Does diabetes run in your family? Are you concerned that one day you too could develop diabetes?
While diet is definitely a contributing factor, believe it or not, one of the most commonly overlooked risk factors is body composition.
If we take a look back in time, up until about 50 years ago, humans were generally very lean, fit and muscular. Males on average had 10 percent body fat while females had about 15. In today’s sedentary lifestyle those figures have ballooned to 25 percent for males and 35 percent for females.
This dramatic change in body composition can greatly impact your health because there is a direct correlation between your body composition (ratio of lean body mass to fat) and the amount of insulin circulating in your blood.
Why is this you ask?
Fat cells and muscle cells compete for the insulin circulating in your blood. And insulin receptors on the surface of each of these types of cells are responsible for detecting when to take in glucose from the bloodstream.
As it turns out, the insulin receptors on muscle cells are much more efficient at glucose uptake than are those on adipose tissue (fat cells).
This means that someone with a high percentage of fat will absorb far less glucose from their bloodstream than someone with a high percentage of muscle.
If less glucose is absorbed from the blood, glucose can build up which can cause the body to become less sensitive or entirely insensitive to glucose. This is the origin of type 2 diabetes.
So what can YOU do to prevent diabetes?
Two of the easiest and most natural solutions are exercise and diet. Exercise can help you to lose body fat and increase muscle, which will help you to use the glucose you consume.
This means building lean muscle mass by performing exercises with kettlebells, dumbbells or barbells. Even simple bodyweight exercises like squats, lunges and push ups can make you leaner and more muscular and, in turn, reduce your risk for developing diabetes.

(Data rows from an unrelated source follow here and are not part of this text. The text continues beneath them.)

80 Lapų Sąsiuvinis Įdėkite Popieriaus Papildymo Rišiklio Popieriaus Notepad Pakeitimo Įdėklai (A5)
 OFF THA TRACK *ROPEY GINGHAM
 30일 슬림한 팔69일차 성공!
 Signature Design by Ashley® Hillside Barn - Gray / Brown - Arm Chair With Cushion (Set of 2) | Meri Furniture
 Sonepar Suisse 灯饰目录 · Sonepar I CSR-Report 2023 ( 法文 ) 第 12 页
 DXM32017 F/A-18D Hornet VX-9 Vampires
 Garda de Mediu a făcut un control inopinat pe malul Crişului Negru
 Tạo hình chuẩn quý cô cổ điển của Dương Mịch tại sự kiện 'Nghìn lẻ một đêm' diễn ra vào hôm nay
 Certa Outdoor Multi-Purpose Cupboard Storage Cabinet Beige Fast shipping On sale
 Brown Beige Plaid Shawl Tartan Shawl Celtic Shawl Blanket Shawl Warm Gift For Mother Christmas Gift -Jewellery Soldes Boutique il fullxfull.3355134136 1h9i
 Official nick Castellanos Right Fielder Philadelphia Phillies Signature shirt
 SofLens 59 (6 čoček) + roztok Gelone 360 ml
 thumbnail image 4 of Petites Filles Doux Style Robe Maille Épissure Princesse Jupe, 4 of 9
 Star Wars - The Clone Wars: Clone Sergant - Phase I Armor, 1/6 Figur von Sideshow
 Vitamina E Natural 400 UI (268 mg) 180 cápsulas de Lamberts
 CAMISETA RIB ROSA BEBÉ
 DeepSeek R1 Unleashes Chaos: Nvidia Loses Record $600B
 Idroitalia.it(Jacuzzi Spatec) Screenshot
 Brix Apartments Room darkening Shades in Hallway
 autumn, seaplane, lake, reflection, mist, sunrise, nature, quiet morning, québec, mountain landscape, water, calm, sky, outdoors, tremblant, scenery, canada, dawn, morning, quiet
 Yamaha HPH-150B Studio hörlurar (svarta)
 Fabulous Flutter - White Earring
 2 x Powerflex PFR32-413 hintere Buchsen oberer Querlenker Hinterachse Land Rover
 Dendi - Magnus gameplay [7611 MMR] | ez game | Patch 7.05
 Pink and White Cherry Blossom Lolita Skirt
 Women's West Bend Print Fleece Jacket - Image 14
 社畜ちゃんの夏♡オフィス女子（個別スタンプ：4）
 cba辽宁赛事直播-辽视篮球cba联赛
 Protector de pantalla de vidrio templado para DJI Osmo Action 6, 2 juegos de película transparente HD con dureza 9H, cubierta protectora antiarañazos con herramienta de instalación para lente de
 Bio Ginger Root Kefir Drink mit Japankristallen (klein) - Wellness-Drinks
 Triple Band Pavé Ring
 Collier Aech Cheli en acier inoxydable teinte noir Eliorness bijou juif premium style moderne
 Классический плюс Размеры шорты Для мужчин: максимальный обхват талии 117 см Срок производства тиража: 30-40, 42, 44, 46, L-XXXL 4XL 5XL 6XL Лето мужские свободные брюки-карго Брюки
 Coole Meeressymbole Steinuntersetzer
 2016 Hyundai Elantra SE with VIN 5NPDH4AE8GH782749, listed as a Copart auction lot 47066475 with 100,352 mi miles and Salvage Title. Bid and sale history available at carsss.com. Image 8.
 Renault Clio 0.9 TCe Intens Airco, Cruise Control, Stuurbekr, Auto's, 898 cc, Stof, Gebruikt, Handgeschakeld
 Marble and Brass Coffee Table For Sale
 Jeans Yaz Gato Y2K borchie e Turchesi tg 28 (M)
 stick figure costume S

Diet is the other main component in diabetes prevention. Glucose levels in your body are a direct result of the amount of carbohydrates you consume. Foods you may eat every day such as breads, cereals, rice, pasta, and sweets all increase glucose levels in your bloodstream. These increased glucose levels have the potential to lead to diabetes in the future.
What’s the solution?
The best solution is to restrict your body’s carbohydrate levels. This is as simple as reducing the amount of carbohydrates you consume. Choosing to focus each meal on protein and dark leafy greens instead of high-carbohydrate grains and starches will lower your carbohydrates to more desirable levels.
What will these changes mean in the long term?
Decreasing your carbohydrate intake and exercising regularly will reduce your chances of developing diabetes. Lowering your blood glucose to healthier levels can also decrease your blood pressure, improve your circulation and help you to have more energy. So why not take these simple steps to assure lasting long-term results?